Reality shows in the Indian entertainment space hold a different meaning. Over the years shows like Roadies, Dance India Dance, and Big Boss has shown interest in participants whose absurdity can increase the TRP levels. But, Shark Tank India seems to have broken the narrative. For the first time in Indian television, Shark Tank India has stood out to become a reality show that has showcased the entrepreneurial side of Indians through its unique ideas with a purpose to solve larger problems of mankind and simplify the lives of people. This was the first time a TV show threw a spotlight on the world’s third-largest startup ecosystem where established D2C startup founders became sharks to fund the mushrooming startups based on the pitches made by the startup owners. Out of a pile of applications, the show showcased 198 startups that identified unique problems and offered solutions. Some received applause and funding while some returned empty-handed. The show with its season one complete has given Indians a chance to dream and think about starting a venture and generating wealth. In addition, to this, it has left numerous Dos and Dont’s for budding entrepreneurs.
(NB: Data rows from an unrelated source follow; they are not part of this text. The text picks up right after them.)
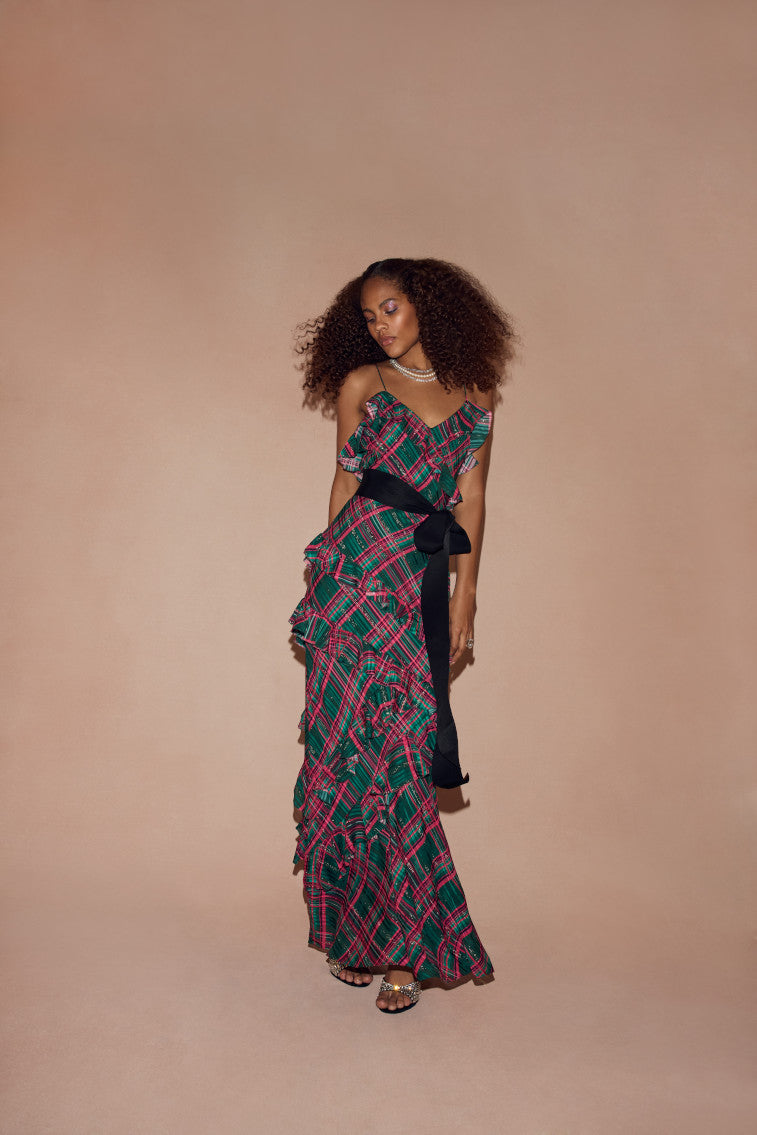 Rialto Silk Tartan Dress-morningim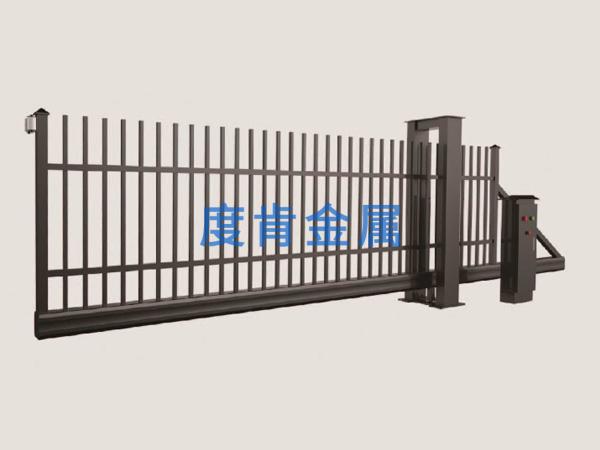 F型庭院直線無軌門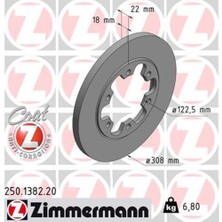 Zimmermann 250.1382.20 Arka Fren Aynası Transit V363 14 Çift Teker 308X18X122.5X22X6DL 0986479D43 18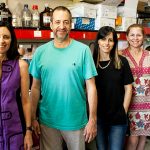 Carina Ferrari (izq.), Fernando Pitossi, Berenice Silva, María Celeste Leal y María Isabel Farías. 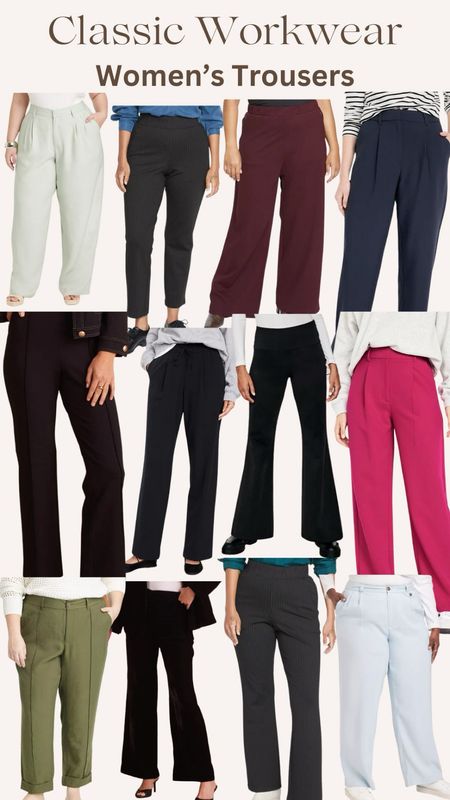 Women’s Trousers - Great workwear pants to elevate your office look. Also a wonderful way to level up a casual look! 

#LTKfindsunder50 #LTKstyletip #LTKworkwear
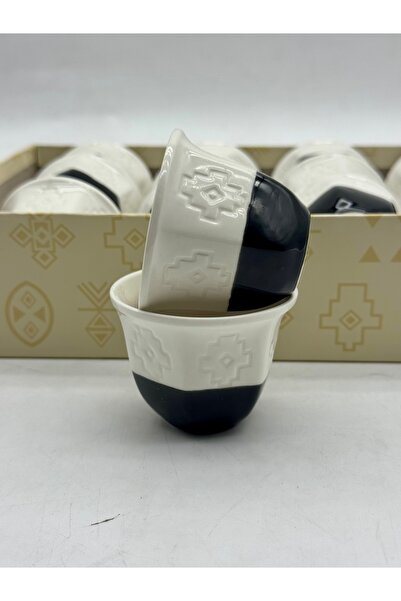 cc bin shihon فناجيين قهوة عربية طقم 12 حبه بلمسات تراثية لونين فناجين قهوة بورسلين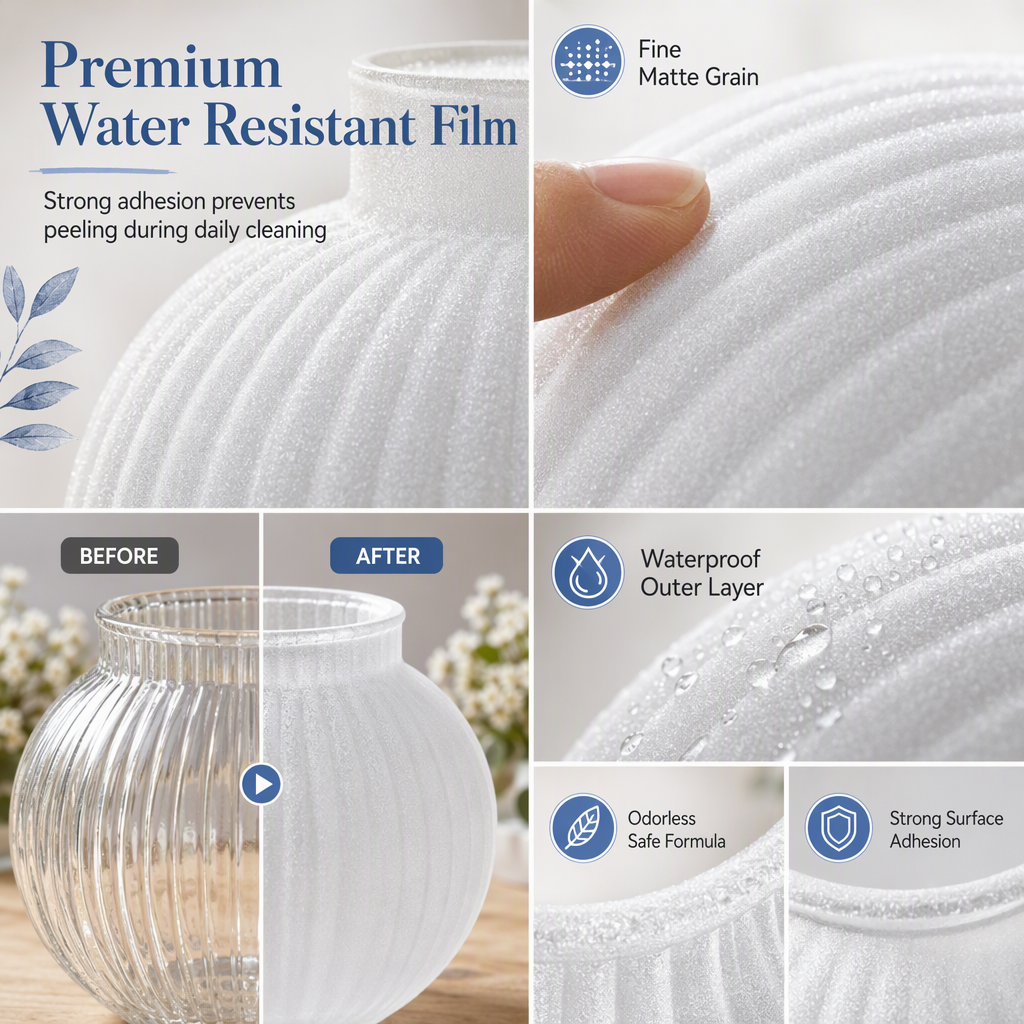 Create Frosted Glass Instantly! Sponge-On Matte Glass Craft Paint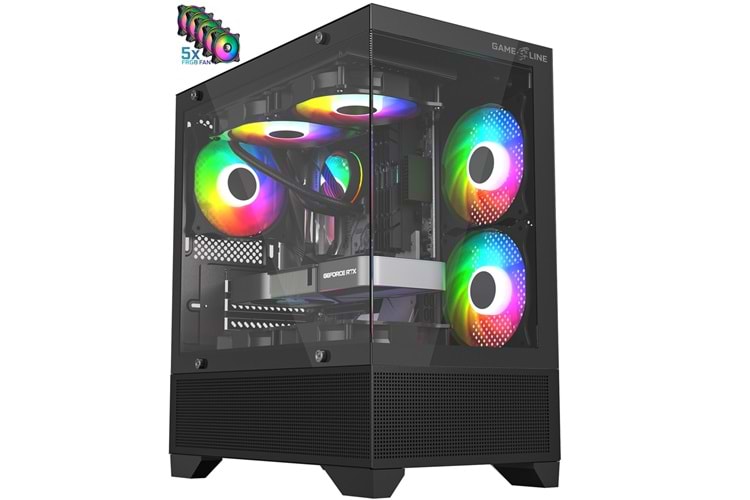 Gameline ARMOR 5x F-RGB Fan Tamperli Cam USB 3.0 Gaming Bilgisayar Kasası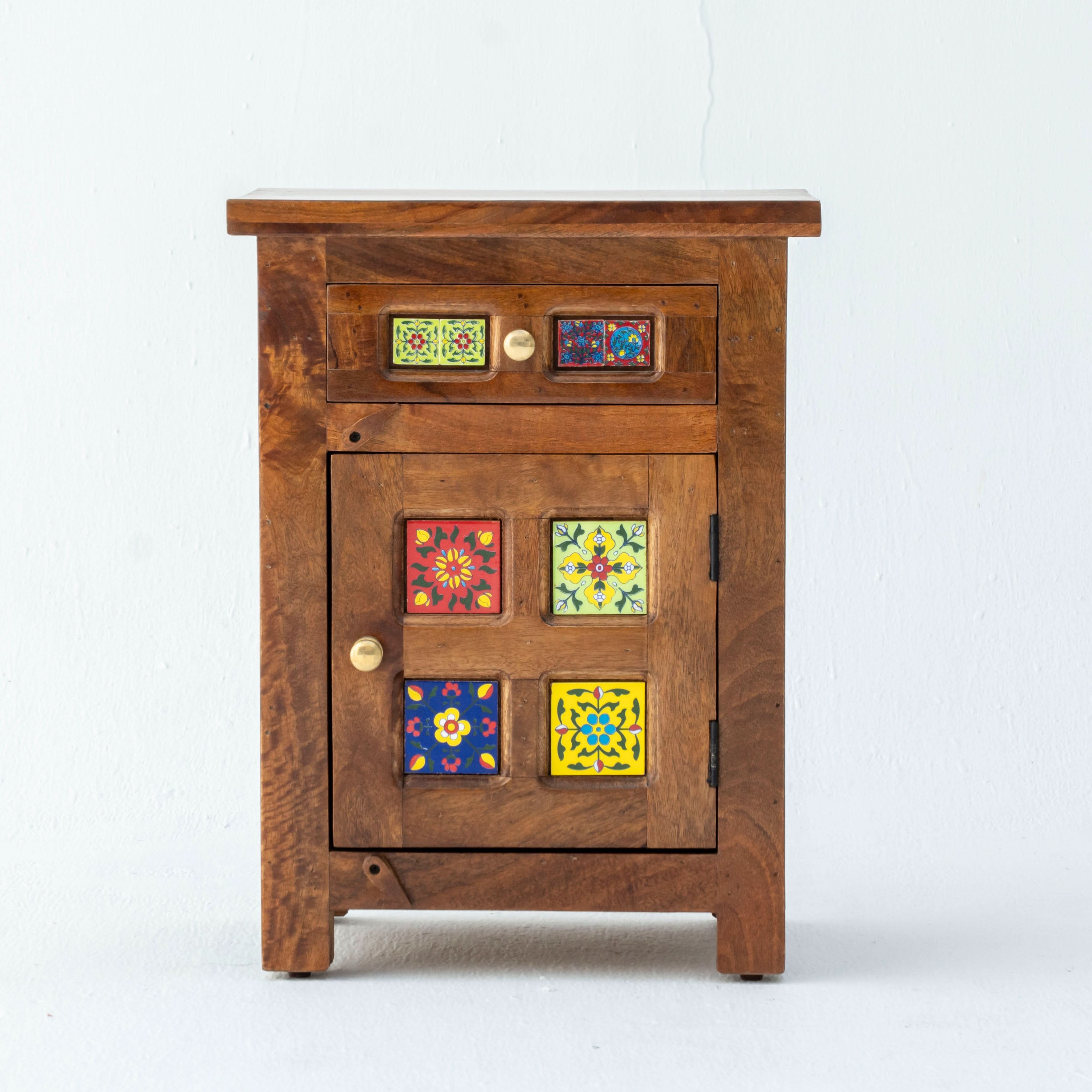 SHESTILE BEDSIDE TABLE TILE FTD - Art and craft furniture
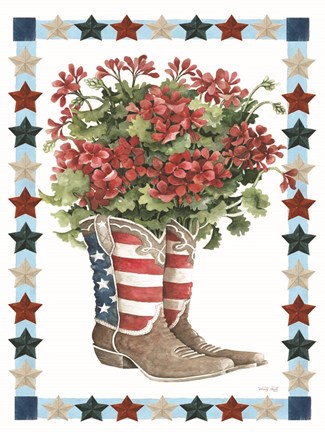 Framed Patriotic Boots Print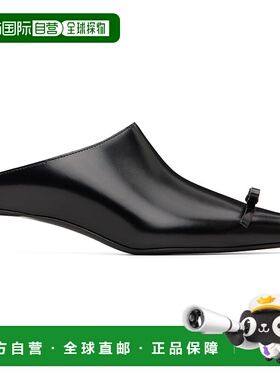 1h可退 潮奢 Jil Sander 吉尔 桑达 女士 黑色 Mule 中跟鞋 J16WX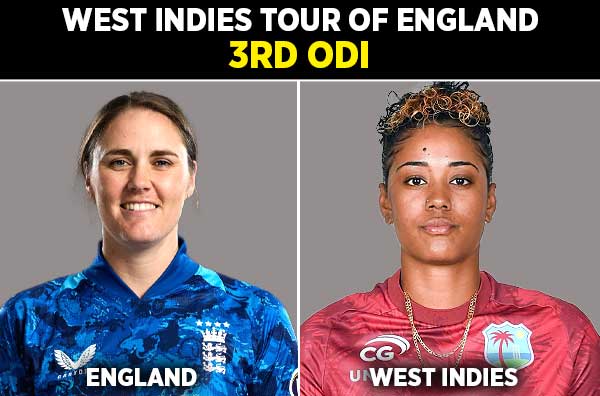 3rd ODI: England Women vs West Indies Women | Squads | Players to Watch | Fantasy Playing XI | Live Streaming | Pitch Report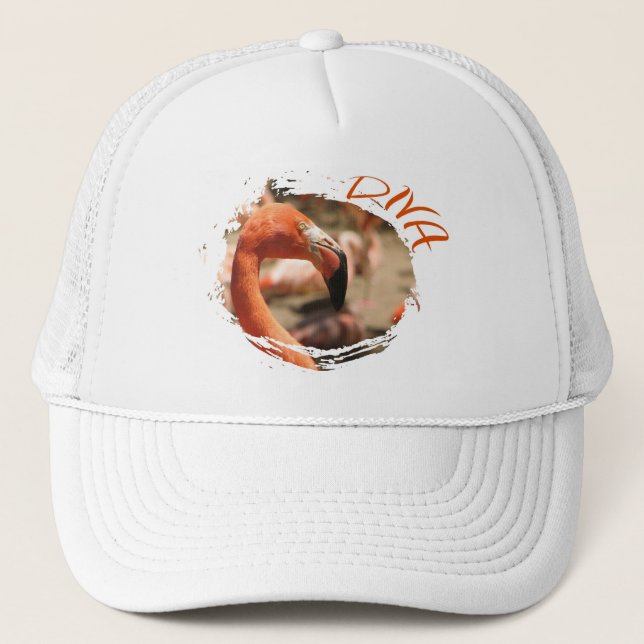Diva Trucker Hat! Hat (Front)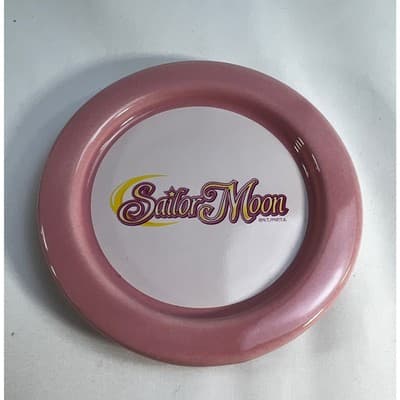 Sailor Moon PNP Naoko Takeuchi Princess Planning Ceramic Trinket Dish RARE Pink - Thumbnail 3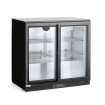 Arri&egrave;re de bar r&eacute;frig&eacute;r&eacute; 158L avec double portes coulissantes, 900x520x865mm - Hendi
Here is a list of them.
Out of a pile of applications, Shark Tank India showcased 198 startups that identified unique problems and offered solutions.
Learnings for startups and D2C from Shark Tank India
Knowing your business entirely: A startup founder needs to understand how the internal and external factors would affect their business in the long run. For example- in one of the pitches in the reality show that showcased Modern Myth- a vegan bag brand, Ashneer Grover was quite unconvinced with the bag designs being non-replicable in the future for which the founders did not have an answer. Startup owners need to understand where their business stands today and how they scale in the future. Having a long-term plan and forecast of your business is very crucial.
Knowing the numbers: While seeking funds from investors, startup founders must know the numbers of their business like last year’s sales, net earnings, EBITDA, customer acquisition cost, etc. Not knowing the numbers will make investors see your business as red. Besides, own numbers entrepreneurs should also be aware of the market size they will be serving. Startups while asking for funds should also be aware of the valuation number basis on which they are seeking funds. A flower gifting startup named Shades of Spring asked for funds based on 300 crores but to the shark’s surprise, their sales were not convincing as per the ask that disappointed the sharks and they returned empty-handed.
Passionate about the venture: Nothing can match the passion shown by Jugaadu Kamlesh for his venture. After all, it is the passion of an entrepreneur that gives an edge to the business having a strong sense of purpose and desire to change the conventionalities. With no previous funding or loans, Kamlesh had the burning desire to introduce his hand-drawn cart that could ease the fertiliser and insecticide spraying for farmers. Not to forget the unique demonstration of his product on the show along with his nephew Naru which went on to become the ‘pitch of the season’. The startup’s idea attracted Lenskart’s founder Peyush Bansal who offered him Rs 10 lakh in exchange for 40% equity, and an additional Rs 20 lakh as a loan, without interest.
Is the business scalable: We remember Sippline’s pitch where the founder talks about solutions to ensure oral hygiene and limit contamination while venturing out by putting a plastic rim around glass and teacups cups serving beverages in hotels, small food joints, banquets etc. The idea of the startup was not appreciated by the sharks and questioned the scalability since making people carry the plastic rim while venturing out demands enormous habit change for which huge funds are needed. As of now, Sippline did not make impressive sales, for which the sharks could not agree to invest and found it to be unscalable. Entrepreneurs should ask themselves that is the business akin to the current times? Can the product cater to the present market or in the future? Getting a proper plan for your business may not be possible but readying for unforeseen circumstances is essential.